Image-text web data
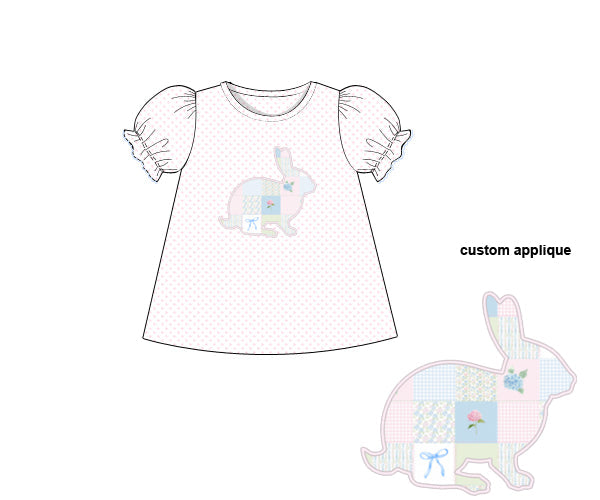 PREORDER 46: SPRING 1 - Spring 1 Shirt Only - Abby’s Patchwork Bunny Girl Shirt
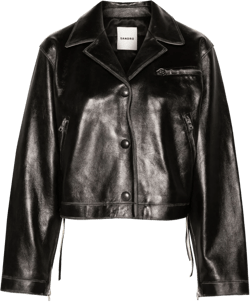 distressed leather jacket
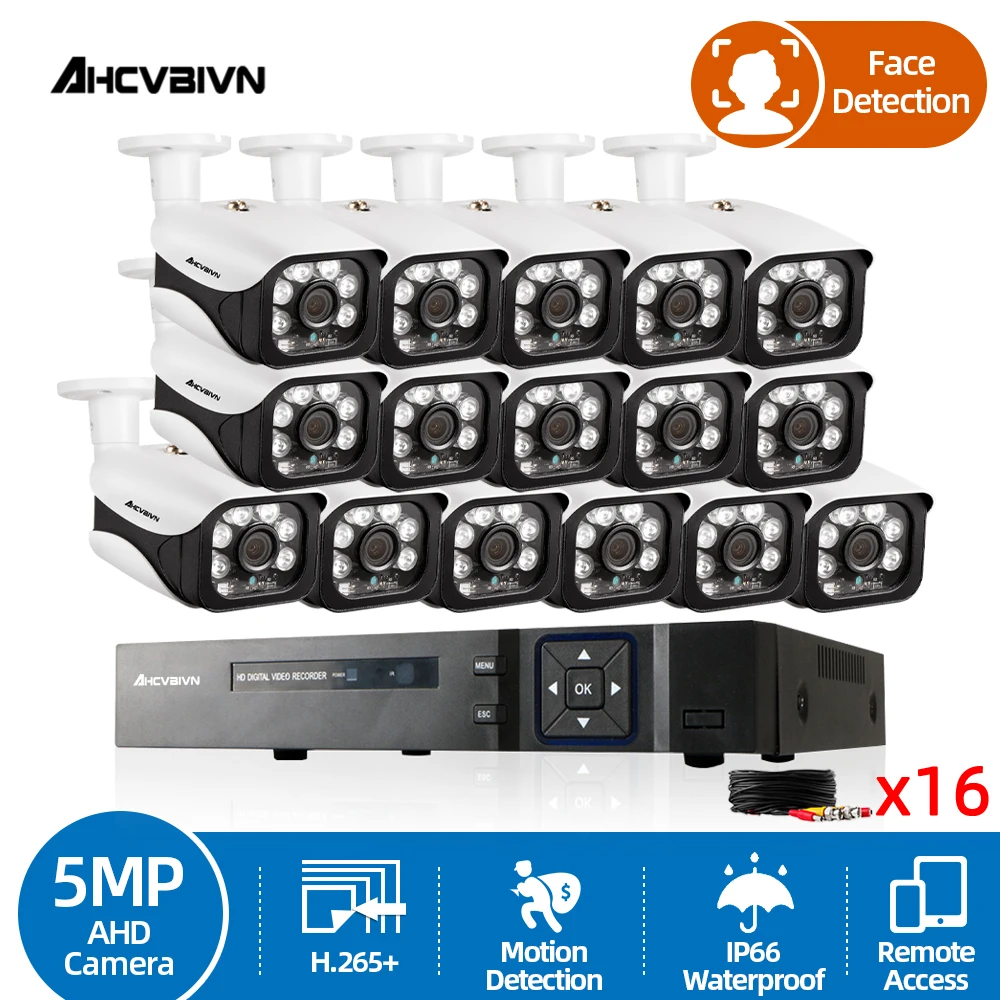 

AHCVBIVN H.265 16CH 2MP 5MP AHD DVR CCTV Security System Kits IR Cut Outdoor 5.0MP Security Camera P2P Video Surveillance Set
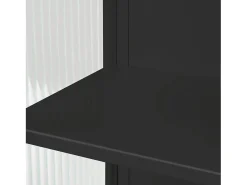 Armário de parede em estilo retrô com portas de vidro e prateleiras removíveis, ideal para salas de jantar e salas de estar, na cor preta.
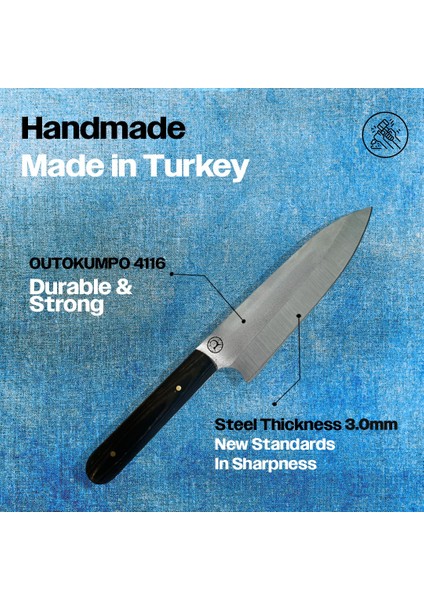 Kam Knife El Yapımı Şef Bıçağı ve Kesme Tahtası - Outokumpu 4116 Çelik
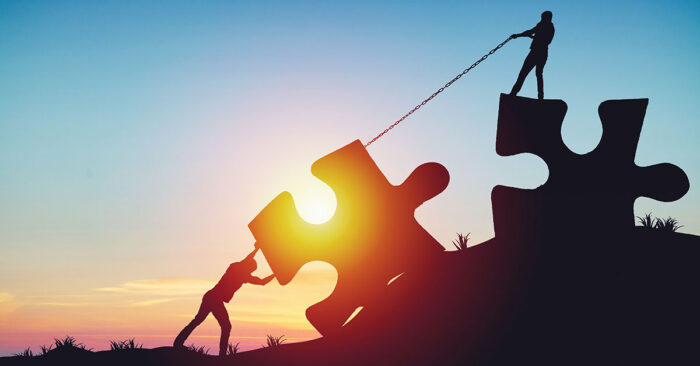 pusselbit, m&auml;nniskor, berg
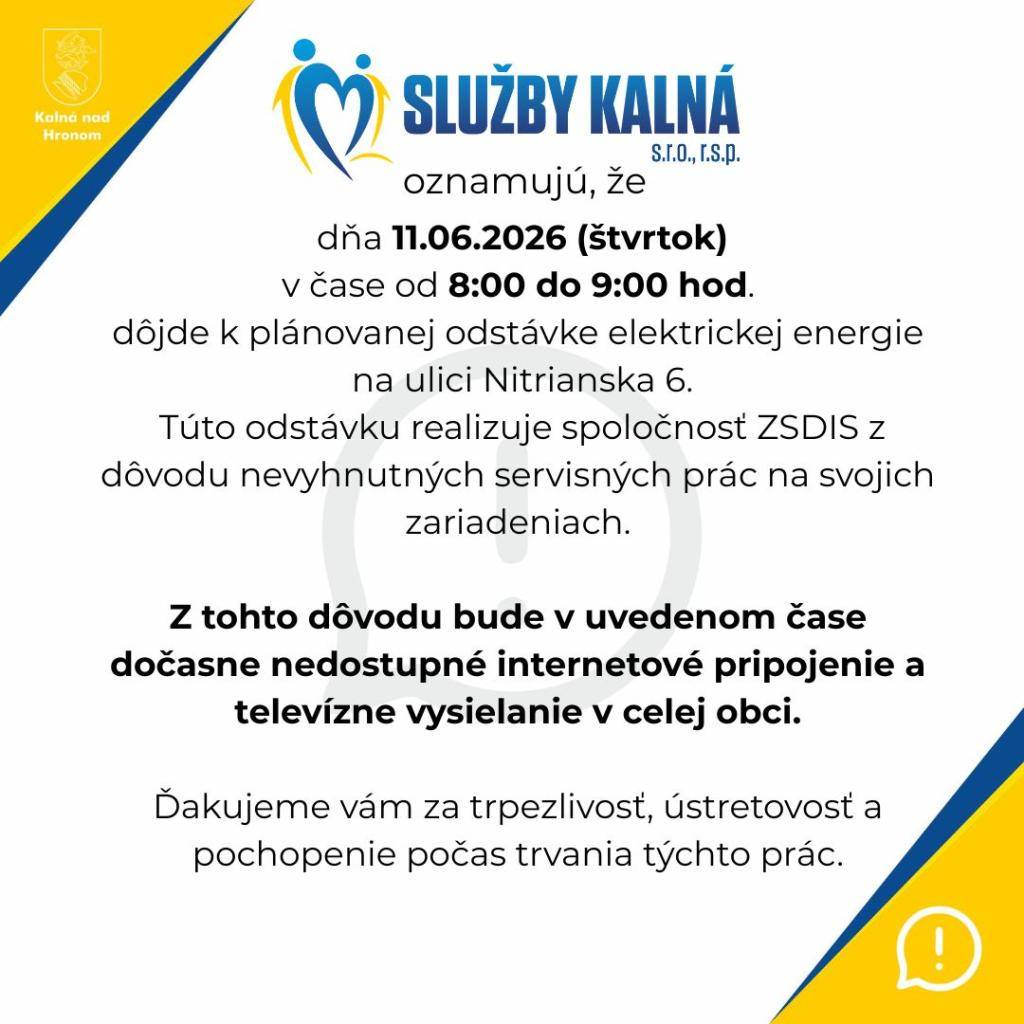 Dočasná nedostupnosť internetu a televízie - 11.06.2026 v čase od 8:00 do 9:00 hod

Problem statement: Restate the entries above word for word, minus the pictures.

Result of this task:
 PREORDER 46: SPRING 1 - Spring 1 Shirt Only - Abby’s Patchwork Bunny Girl Shirt
 distressed leather jacket

AHCVBIVN H.265 16CH 2MP 5MP AHD DVR CCTV Security System Kits IR Cut Outdoor 5.0MP Security Camera P2P Video Surveillance Set
 Armário de parede em estilo retrô com portas de vidro e prateleiras removíveis, ideal para salas de jantar e salas de estar, na cor preta.
 Kam Knife El Yapımı Şef Bıçağı ve Kesme Tahtası - Outokumpu 4116 Çelik
 pusselbit, m&auml;nniskor, berg
 Dočasná nedostupnosť internetu a televízie - 11.06.2026 v čase od 8:00 do 9:00 hod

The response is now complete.